• TASK
Quote the listing in full, exactly as given, minus any pictures.

• DATA SUPPLIED
- - - - - - -
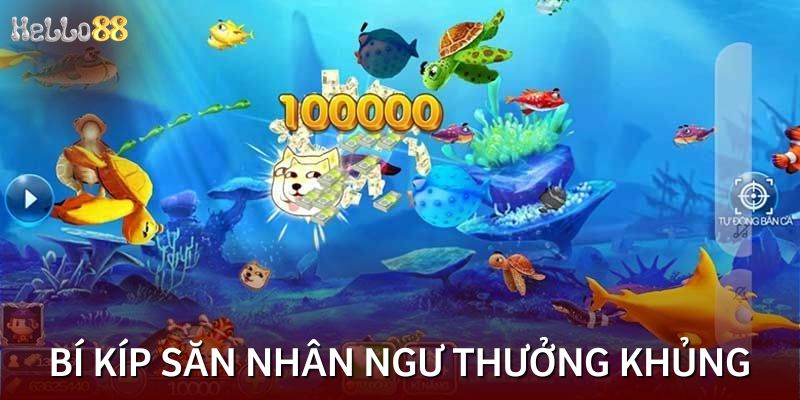 Bí kíp săn nhân ngư nhận thưởng khủng từ cao thủ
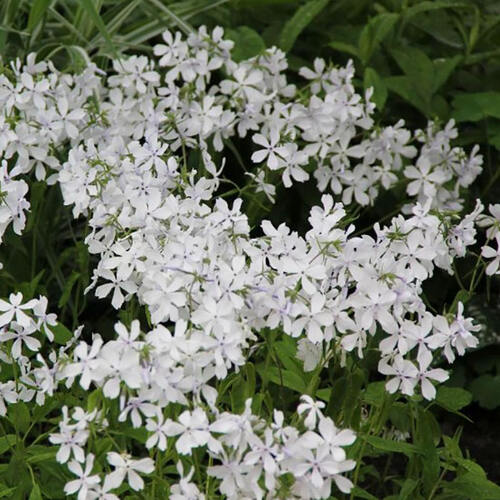 Флокс White Perfume (Уайт Перфьюм)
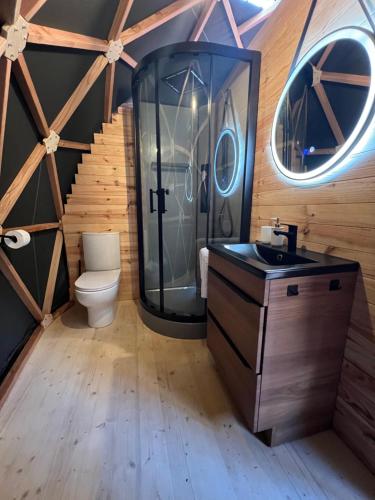 摩泽尔河畔的鲁普特Dôme l'Escapade Insolite的一间带卫生间和玻璃淋浴间的浴室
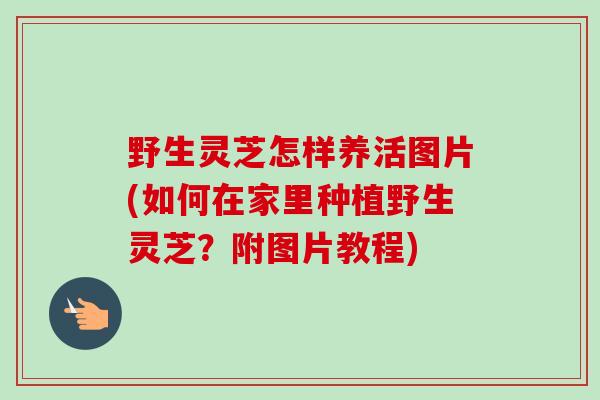野生灵芝怎样养活图片(如何在家里种植野生灵芝？附图片教程)
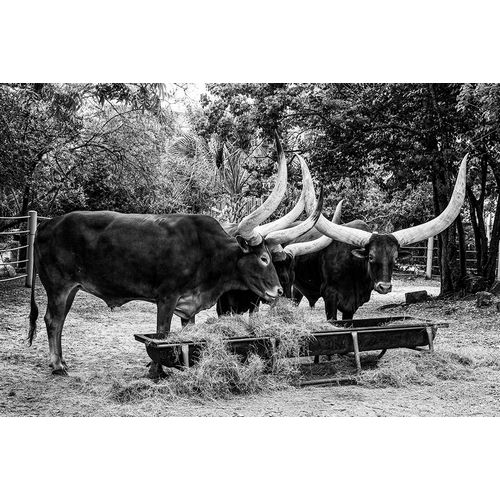 Highsmith, Carol 아티스트의 Longhorn Cattle on Abilene State Historical Park-Texas작품입니다.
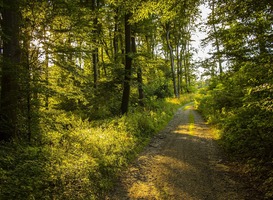 Naar buiten met warm wandelweer beschermt goed tegen COVID-19 Naar buiten met warm wandelweer beschermt goed tegen COVID-19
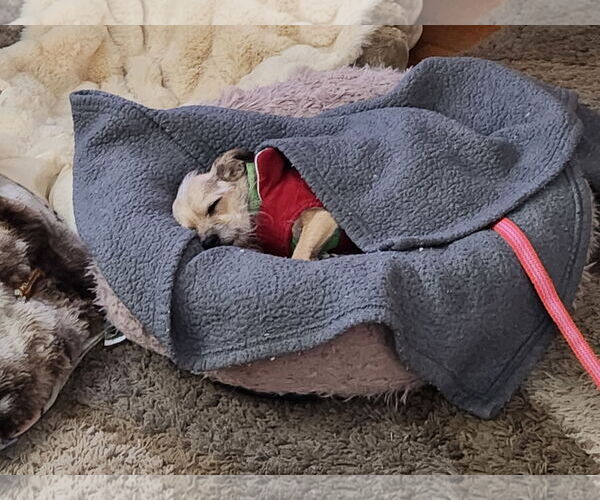 Medium Photo #8 Cairn Terrier-Unknown Mix Puppy For Sale in Princeton, MN, USA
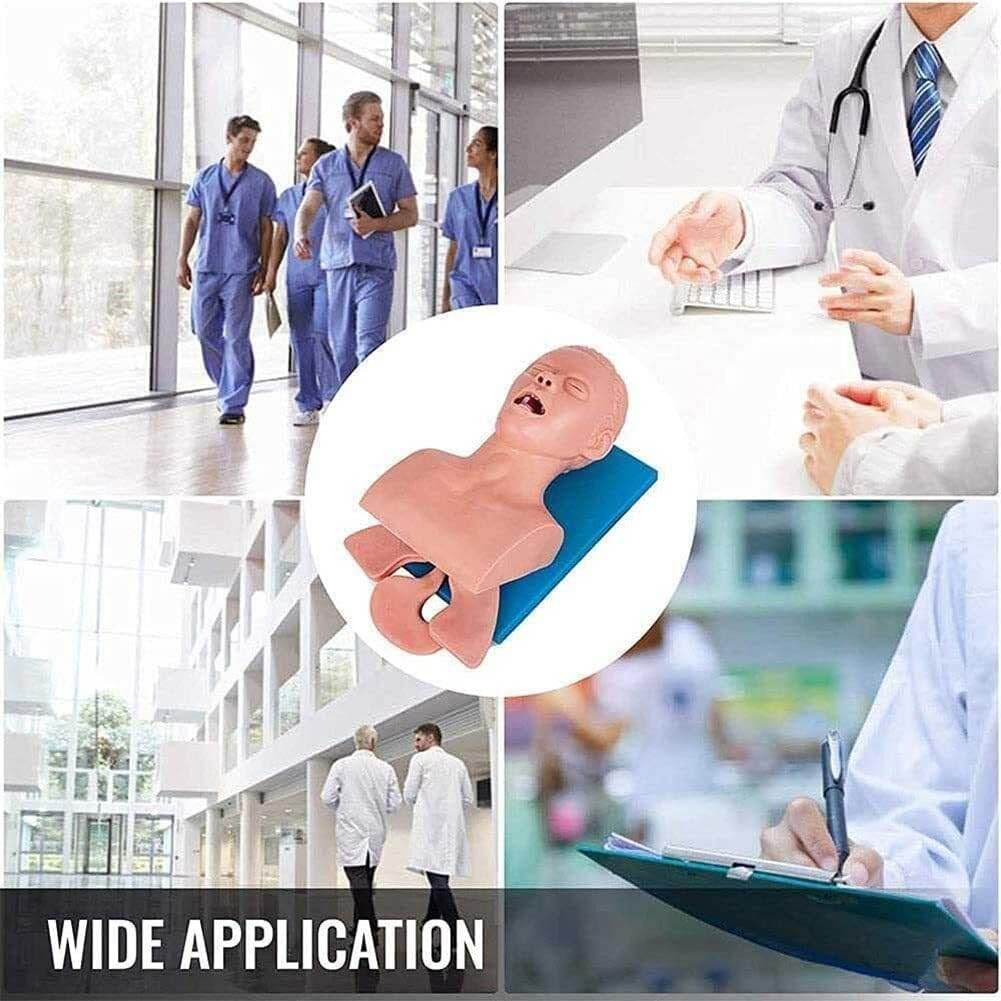Modelo de intubación para adultos, simulador de intubación traqueal, PVC para adultos, modelo de instrucción de maniquí, entrenador de gestión de la vía aérea, intubación traqueal, simulador de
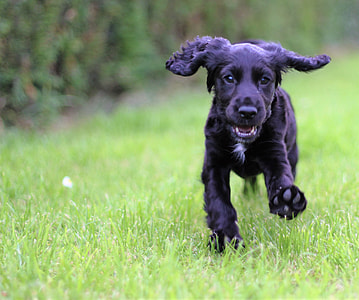medium-coat black puppy running on green lawn grass during daytime thumbnail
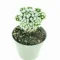 Mammillaria gracilis Arizona Snowcap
- - - - - - -
• REPLY TO THE TASK
 Bí kíp săn nhân ngư nhận thưởng khủng từ cao thủ
 Флокс White Perfume (Уайт Перфьюм)
 摩泽尔河畔的鲁普特Dôme l'Escapade Insolite的一间带卫生间和玻璃淋浴间的浴室
野生灵芝怎样养活图片(如何在家里种植野生灵芝？附图片教程)
 Highsmith, Carol 아티스트의 Longhorn Cattle on Abilene State Historical Park-Texas작품입니다.
 Naar buiten met warm wandelweer beschermt goed tegen COVID-19 Naar buiten met warm wandelweer beschermt goed tegen COVID-19
 Medium Photo #8 Cairn Terrier-Unknown Mix Puppy For Sale in Princeton, MN, USA
Modelo de intubación para adultos, simulador de intubación traqueal, PVC para adultos, modelo de instrucción de maniquí, entrenador de gestión de la vía aérea, intubación traqueal, simulador de
medium-coat black puppy running on green lawn grass during daytime thumbnail
 Mammillaria gracilis Arizona Snowcap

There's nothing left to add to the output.